Proposed Rule 21F-4(c)—Information that Leads to Successful Enforcement. Under Section 21F, a whistleblower's eligibility for an award depends in part on whether the whistleblower's original information “led to the successful enforcement” of the Commission's action or a related action. Proposed Rule 21F-4(c) defines when original information “led to successful enforcement.”
The Commission's enforcement practice generally proceeds in several stages. First, the staff opens an investigation based upon some indication of potential violations of the Federal securities laws. Second, the staff conducts its investigation to gather additional facts in order to determine whether there is sufficient basis to recommend enforcement action. If so, the staff may recommend, and the Commission may authorize, the filing of an action. The definition in Proposed Rule 21F-4(c) would consider the significance of the whistleblower's information to both the decision to open an investigation and the success of any resulting enforcement action. The proposed rule would distinguish between situations where the whistleblower's information causes the staff to begin an investigation, and situations where the whistleblower provides information about conduct that is already under investigation. In the latter case, awards would be limited to the rare circumstances where the whistleblower provided essential information that the staff would not have otherwise obtained in the normal course of the investigation. Paragraphs (1) and (2) of Proposed Rule 21F-4(c) reflect these considerations.

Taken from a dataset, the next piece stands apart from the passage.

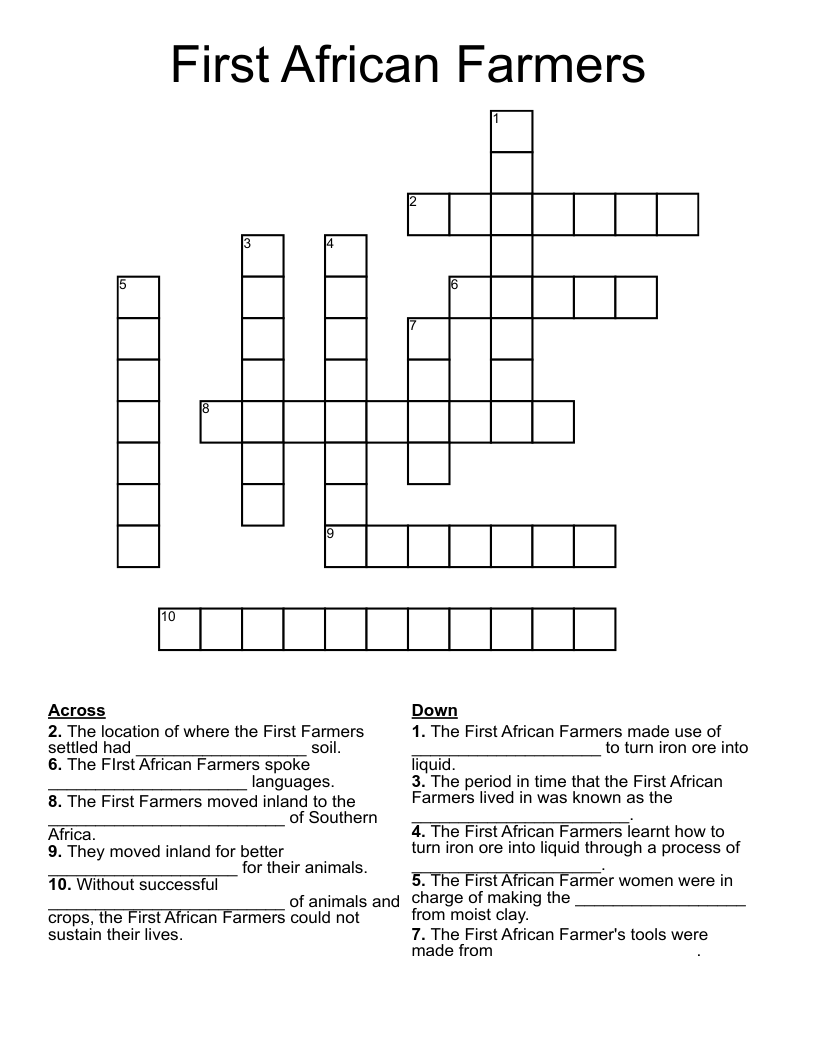 First African Farmers Crossword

Paragraph (1) of Proposed Rule 21F-4(c) applies to situations where the staff is not already reviewing the conduct in question, and establishes a two-part test for determining whether original information voluntarily provided by a whistleblower led to successful enforcement of a Commission action. First, the information must have caused the staff to commence an examination, open an investigation, reopen an investigation that had been closed, or to inquire concerning new and different conduct as part of an open examination or investigation.  This does not necessarily contemplate that the whistleblower's information will be the only information that the staff obtains before deciding to proceed. However, the proposed rule would apply when the whistleblower gave the staff information about conduct that the staff is not already investigating or examining, and that information was a principal motivating factor behind the staff's decision to begin looking into the whistleblower's allegations.

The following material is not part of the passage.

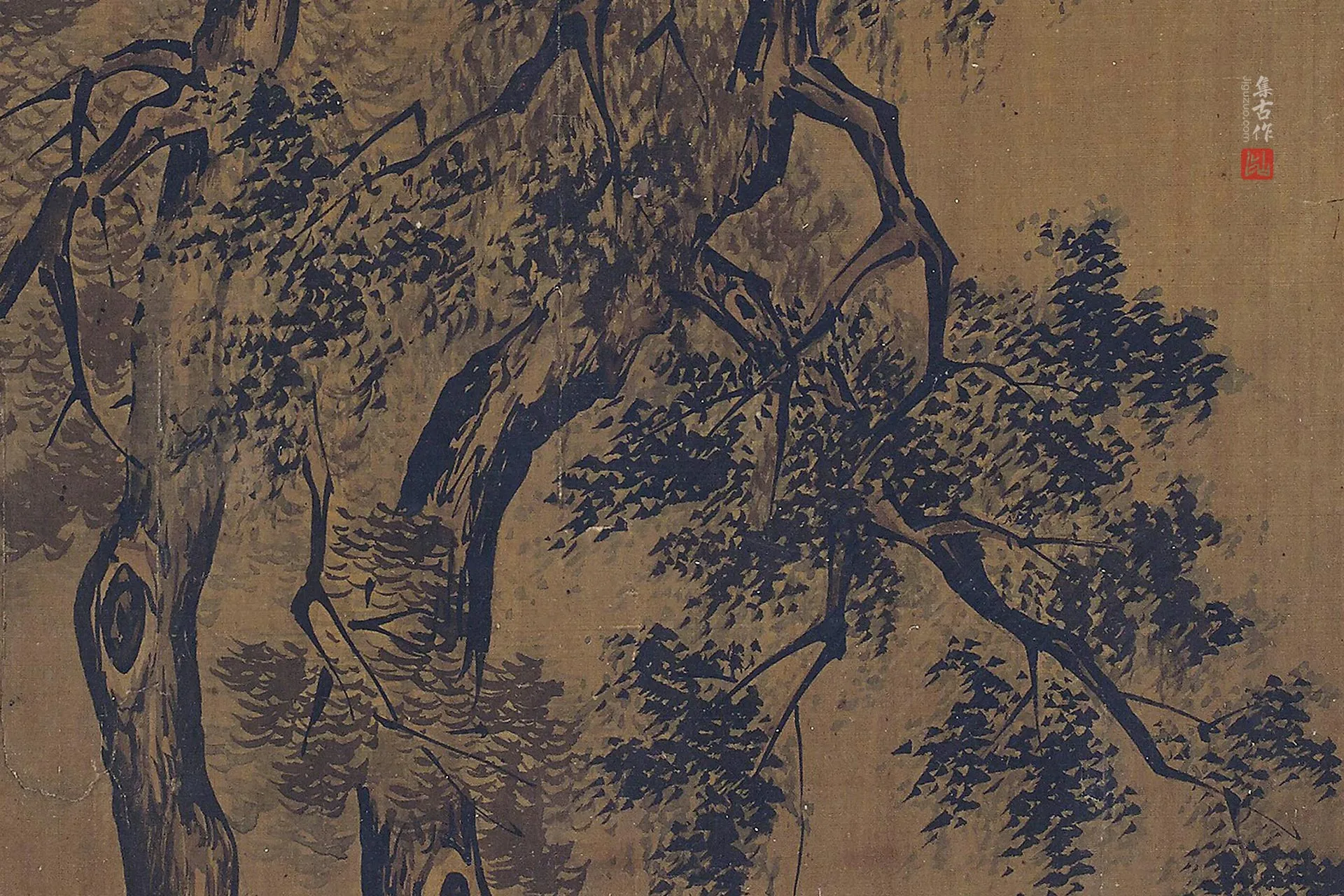 传夏圭《听琴观瀑图》局部 (3)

Second, if the whistleblower's information caused the Commission staff to start looking at the conduct for the first time, the proposed rule would require that the information “significantly contributed” to the success of an enforcement action filed by the Commission. The proposed rule includes this requirement because the Commission believes that it is not the intent of Section 21F to authorize whistleblower awards for any and all tips about conduct that led to the opening of an investigation if the resulting investigation concludes in a successful enforcement action. Rather, implicit in the requirement that a whistleblower's information “led to * * * successful enforcement” is the further expectation that the information, because of its high quality, reliability, and specificity, had a meaningful connection to the Commission's ability to successfully complete its investigation and to either obtain a settlement or prevail in a litigated proceeding.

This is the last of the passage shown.